But still here we are years later and still we ended up disappointed of sorts. I’m not going to sit here and say that my father has never been there for me, because he has and if I truly needed him again he probably would try his best. However, what I am disappointed at is that he doesn’t make an effort to call. My Moo barely recognizes her own grandfather. She’s seen a total of maybe 6 times since her birth. And it took my father months to remember her name (the sad part I gave her his mother’s name for her middle name). For months, I heard my aunts and uncles telling me how they saw my dad and asked about the baby and he couldn’t even recall her name.
I cried the first time I heard that. It hurt down to my very core. I never felt so unimportant in my father’s life than at that moment. I mean I spent almost three weeks of my pregnancy living at his house! We watched kung fu movies together. There was the night he went out and got us a 100 piece bucket of chicken nuggets from McDonald’s because I was craving them and my fiance had gone to work. He gave up his room for me to sleep in and moved to the couch. (My fiance slept in the other bedroom down the hall because my parents did not raise me to be disrespectful to their house rules even if I was grown and with child.)
And I was pretty sure that in those almost three weeks, I had surely mentioned the name I was decided on and he seemed to recall it every time he rubbed my belly and cooed to his unborn granddaughter. Thank heavens that Moo came out a girl because we had chosen not to find out the sex, but common sense told me that my mother had five girls, my grandmother had nine girls and her mother had mostly girls and I too would 99.5% most likely be having a girl. Her dad and everybody else swore she was coming out a boy. LOL. Imagine the shock when she came out a girl.

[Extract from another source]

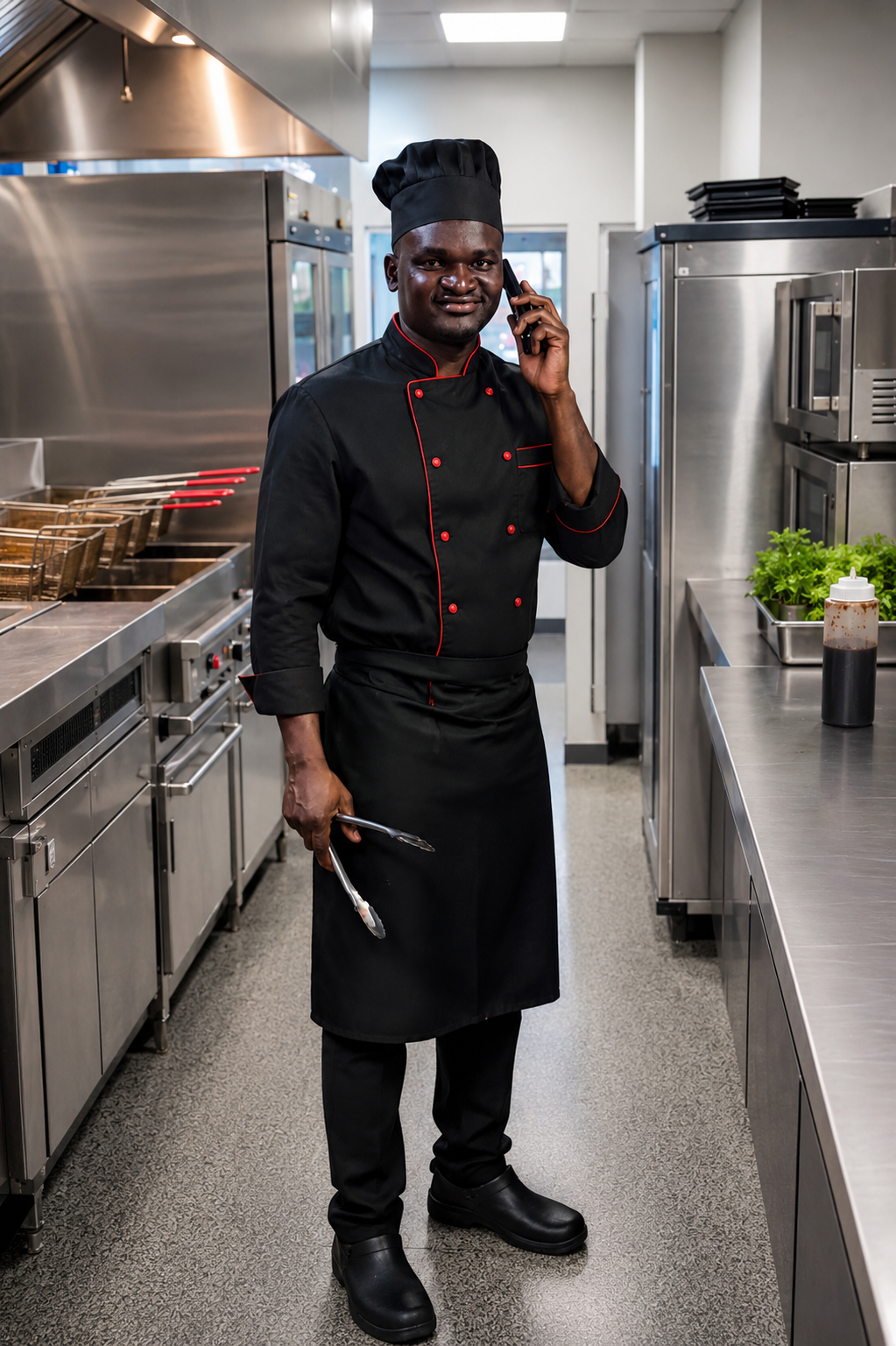 Chef at Ferguson BBQ Yard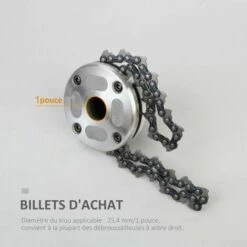 GroupM Tête De Débroussailleuse à Chaîne (joint Universel) Accessoires De Débroussailleuse Pour Tondeuse à Gazon 9 GroupM Tête De Débroussailleuse à Chaîne (joint Universel) Accessoires De Débroussailleuse Pour Tondeuse à Gazon -Débroussailleuse Soldes Magasin 63889516 3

I can only hope that Moo’s baptism will bring about a much needed change. During her service I plan to pay tribute to my deceased grandparents and even insert a little reading about the importance of raising children and being their for them even when they become adults. I hope that my father will get the message. I know that he has done somethings to us that will never be forgotten, but at least we can all move forward to a place of healing. I don’t want to have to lie to my daughter the way my parents did to me about not having a grandfather. I pray that God hears this and throws us a miracle.